Separated legislation (SB 1702), pending in both chambers, would require periodic “milestone” inspections of tall building in hopes of spotting and fixing problems before they result in tragedy. More than half a million multi-story buildings in Florida are between 40 and 50 years old and more than 100 are older than that.

Proponents of SB 736, including Associated General Contractors and Florida Homebuilders Association, hope the measure will restrain insurance costs for builders and subcontractors and reduce the frequency of litigation. The sponsor is Travis Hutson, a Republican developer who represents Flagler, St. Johns, and part of Volusia counties.
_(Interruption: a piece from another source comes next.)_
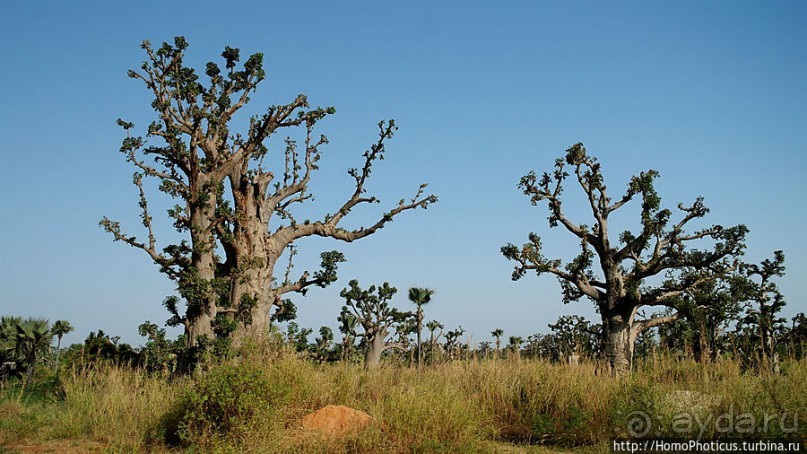 «А если туп, как дерево — родишься баобабом...»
Other than simple construction claims, owners of single-family homes could have up to 10 years to sue if they can provide evidence anyone involved in the construction fraudulently concealed a defect. The period for fraud lawsuits involving multi-family residents is unlimited, although any lawsuit has to begin within one year after the discovery of a defect.
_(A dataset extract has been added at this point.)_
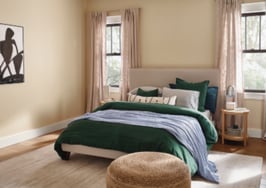 Amid a chaotic 2020, next year's colors of the year aim to soothe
The amended bill defines “single-family” residence as a structure not exceeding three above-ground stories that can house as many as three families.

The bill allows builders to offer to repair or otherwise settle claims, but Hutson said plaintiffs’ attorneys are encouraging foregoing repair offers in favor of cash settlements. Insurers find it cheaper to settle.
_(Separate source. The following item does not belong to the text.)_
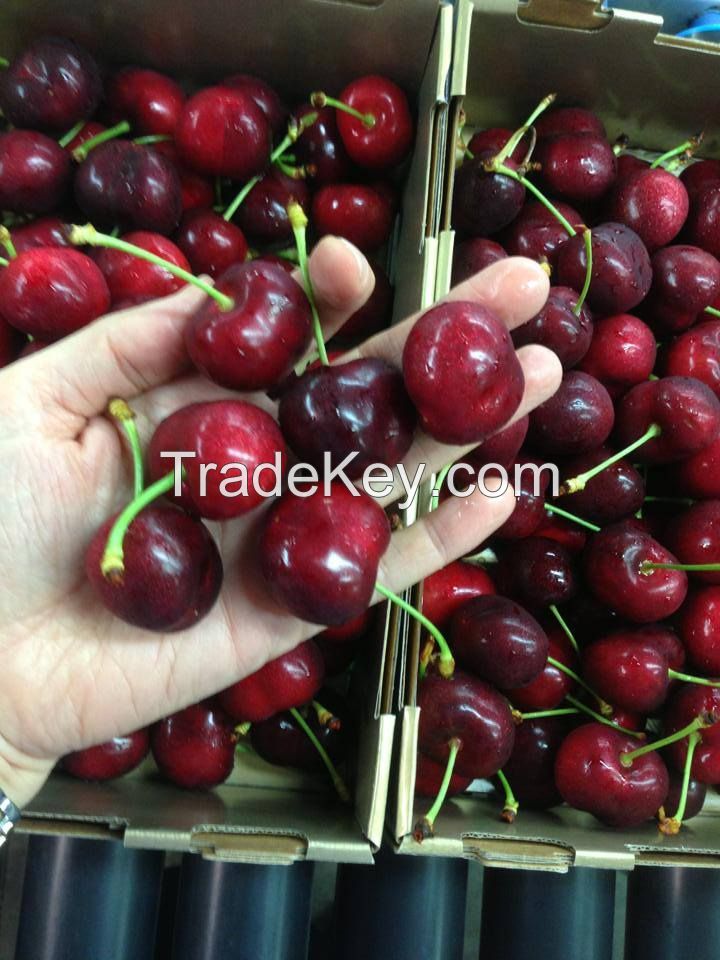 fresh cherries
Sen. Audrey Gibson of Duval County asked whether Hutson had data documenting that trend.

He did not, he conceded — only anecdotal evidence.

“It’s very similar to what we saw in the roofing business,” Hutson said, “where people were coming out saying, ‘We can get you a free roof if only you sign here and we’ll say there’s hail damage.’ It’s now moved into the actual building world, and it’s a problem we’re trying to get ahead of.”

Sen. Lori Berman of Palm Beach County worried that homeowners would “be stuck holding the bag” for construction defects. She cited problems with Chinese drywall, used extensively during the 2000s but later found to emit noxious gasses that damaged people’s health as well as copper piping and electric lines.

Hutson replied that they’d still have seven years to bring claim — and that, if they can demonstrate fraud, they’d have the full 10 years.

He added that Florida has rewritten its building codes, which now rank among the “strongest … in the nation.”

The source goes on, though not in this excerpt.